The crime of gender violence does not exist

We must specify in principle that the crime of gender violence does not exist because it is not classified as such in the Penal Code.

Gender violence is a criminal aggravating circumstance and could give rise to civil measures.

The typified crimes that are prosecuted with gender perspective They are: threats, injuries, slander, insults, coercion, abuse, rape, completed or attempted homicide, femicide; among some.

Violence against women is not a biological or domestic issue but rather a gender one, and it continues to be a deficit in public policies for the comprehensive protection of women in the three spheres: prevent, eradicate and punish; as real and integral protection of women according to the normative framework of Law No. 26,485.

Violence is violence and is nourished by conventional violent crimes, being any act of violence -active or omissive-, physical, sexual, psychological, moral, patrimonial, etc., that affects women because of their gender, based on the discrimination, in the relations of inequality and asymmetrical power between the sexes that subordinate women, be it in public or private life, including that which is perpetrated or tolerated by the State.

Violence is power and power generates submission, damage, suffering, imposition of a will, domination and submission.

This understanding locates us in principle that the crime of gender violence per se it does not exist, but rather that it is associated with crimes that are judged from a gender perspective and, furthermore, that not every crime against women is gender violence since there must be a link of power between the passive subject -woman-, the active subject -man- and a criminal context.

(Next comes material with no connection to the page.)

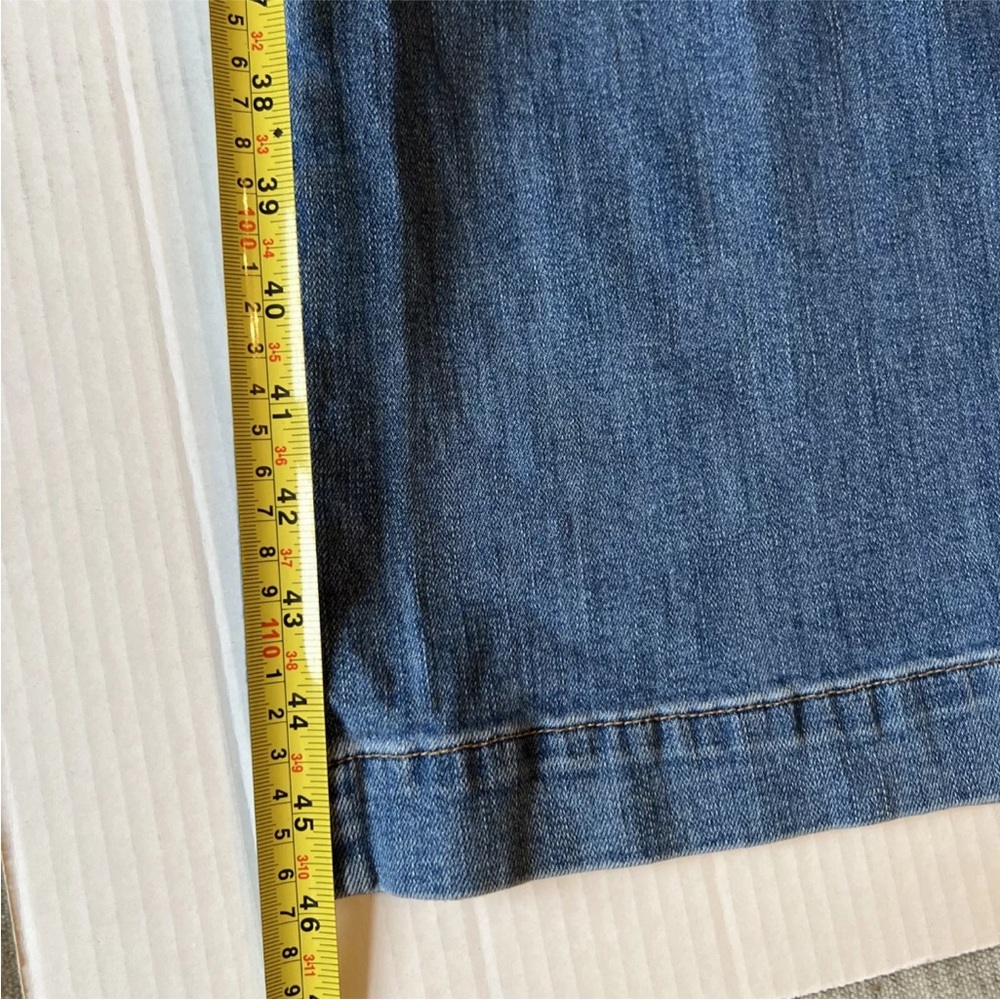 Paige Vintage Sutton Vesper Sz 30 Womens Jeans Wide Long Leg *Rare*💖 - Picture 6 of 16
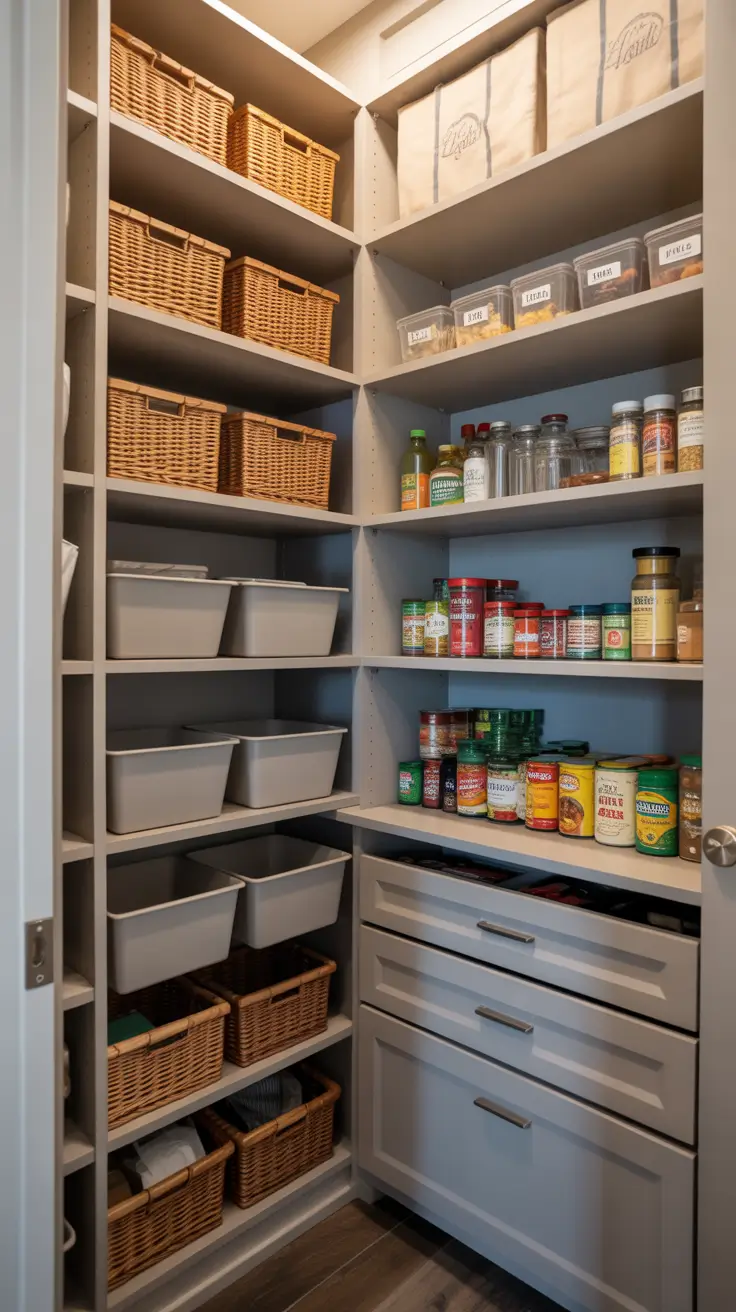 Pantry Remodel Ideas 2026: Smart, Stylish & Space-Saving Transformations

Moreover, being risky we can even affirm that the aggravating circumstance of gender violence would be a non-existent aggravating circumstance, because this aggravating circumstance requires a supplementary law (blank criminal law) in penal measures that contain a penalty; This may imply a violation of the principle of legality. Even when we refer to the Argentine legislation of a complementary law, we find that it does not exist.

However, judges in these circumstances must apply the principle of maximum limitation, and in the face of an imprecision of the criminal law norm, being the spring of all judicial processes the National Constitution, they cannot interpret it analogically having as options then, declare the unconstitutionality or maintain the restriction of the punitive power of interpretation of said norm.

However, in reality, the constitutional principles in judging these cases appear to be inoperative instruments and when we mention them they are interpreted only as an expression of desire.

Montesquieu affirmed: “There is no crueler tyranny than the one that is perpetrated under the shield of the law and in the name of justice.”